Dann wandte sich der Dichter um und sah die Weinende.
Er drehte sich wieder herum zu den Bären und verscheuchte den gemästeten Blinden und begünstigte die mageren Sehenden.
Zwei Tage lang blieb das junge Mädchen aus. Am dritten Tage erschien sie wieder. »Was machen unsere Bären?!« sagte sie. Eines Tages aber sagte sie: »Mein Bräutigam hat mir abgeschrieben. Es ist aus.« Dann fütterten sie die Bären. »Weshalb?!« sagte der Dichter.
[226] »Ihrethalben.«
Der Dichter fütterte die Bären und verstand gar nichts. Auch das junge Mädchen verstand nicht viel und sah hinunter in den Bärenzwinger.
Eines Tages schrieb der Bräutigam an den Dichter: »Sie haben ein gefährliches Spiel getrieben mit Menschenherzen.«
Die junge Dame wurde krank und ging in eine Heilanstalt. Dort besuchte sie der Dichter.

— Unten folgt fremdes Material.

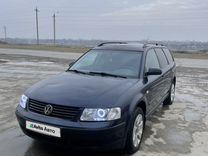 Volkswagen Passat 1.8 MT, 1999, 411 751 км, с пробегом, цена 400 000 руб.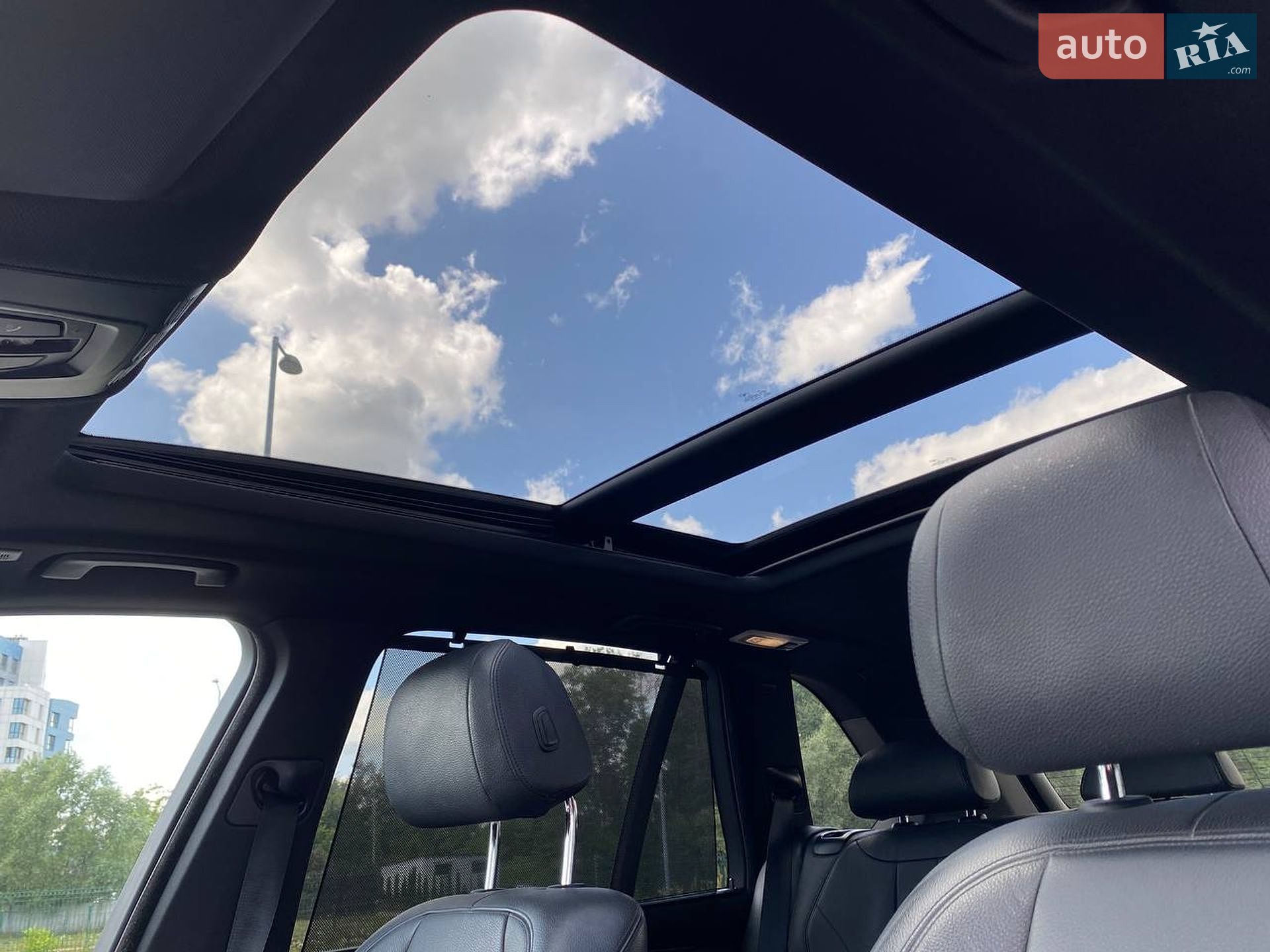 BMW X5 2014 VIN WBAKS410800H61402 фото оголошення 18 з 20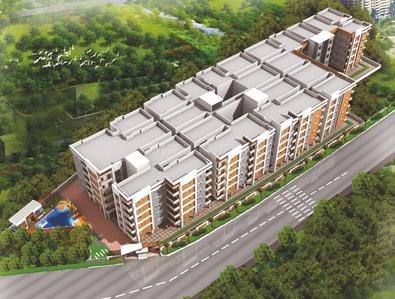 Signifa Signature Elevation 1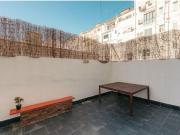 Piso en alquiler en Ruzafa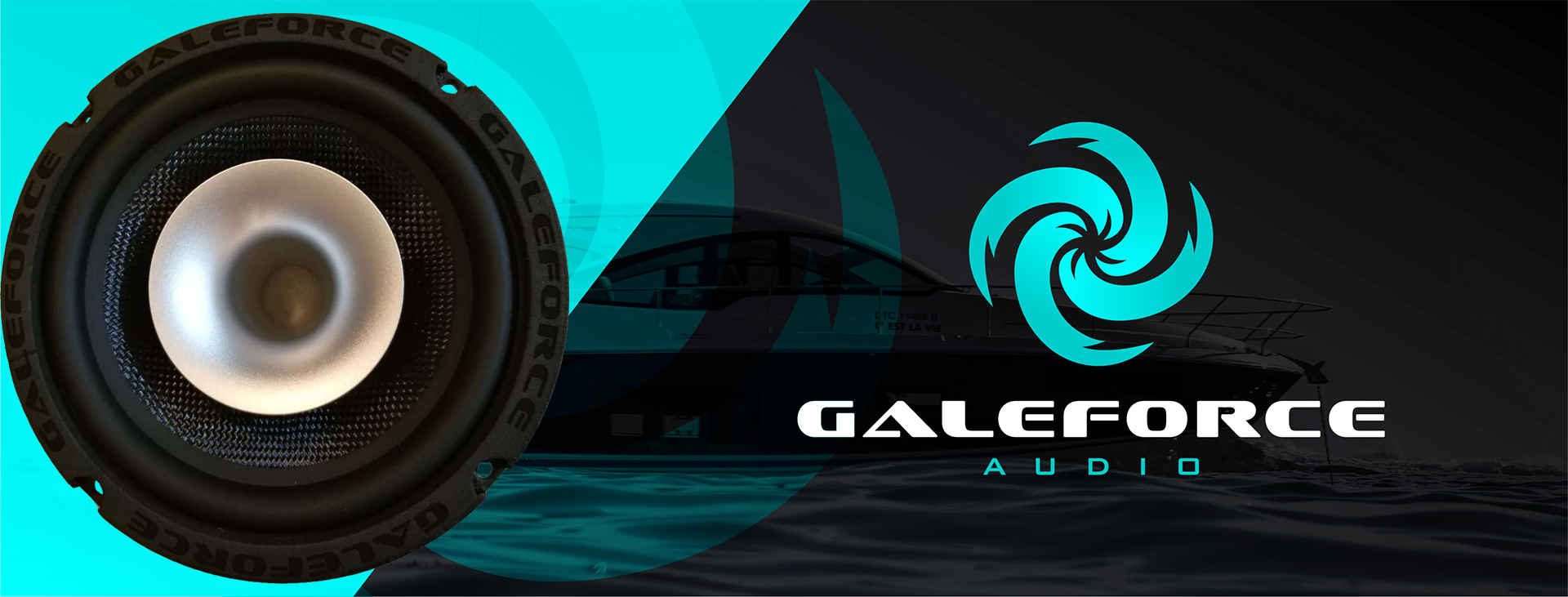 Galeforce Audio – galeforce-audio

Ein junger Arzt, welcher sie elektrisierte, schien rasend in sie verliebt zu sein.
Sie sagte zu dem Dichter: »Was machen unsere Bären?!«
Der Dichter sah, dass sie ziemlich heruntergekommen war.
»Wir sind schon wieder ausgesöhnt,« sagte sie zu ihm, »Gott sei Dank. Er hat Alles eingesehen.«
»So?!« sagte er und sah, dass sie ganz heruntergekommen war.
»Sie müssen viel schlafen und rohe Eidotter trinken.«
»Pardon,« sagte der junge Arzt, »das wäre nicht ganz am Platze. Eine verfehlte Methode. Sie muss elektrisiert werden.«
Der Dichter ging.
»Grüssen Sie unsere Bären,« sagte Sie.
Nach einem Monate schrieb sie dem Dichter: »Er hat mir endgültig abgeschrieben, heute. Ich habe meine Geige genommen und habe eine Stunde lang Beethoven gespielt und an diejenigen gedacht, [227] welche stehen gelassen werden und nicht Beethoven spielen könnten – – –.«
Der Dichter ging gleich zu ihr. Eigentlich nahm er einen Wagen und fuhr hin.
Da sagte sie: »Wenn er nur die Schnecke meiner Geige nicht geküsst hätte damals, ich hätte wirklich leichter los kommen können – – –.«
»Wann machen Sie Ihre Tournée nach Russland?!«
»In einigen Tagen.«
»Wie lange bleiben Sie aus?!«
»Sechs Monate.«
Da sagte der Dichter: »Nehmen Sie warme gestrickte Handschuhe mit für Ihre Geigenhände und warme Unterkleider. Schicken Sie mir Ansichtskarten von überall!«
»Sammeln Sie denn?!«
»Ja, ich sammle,« sagte der Dichter sanft.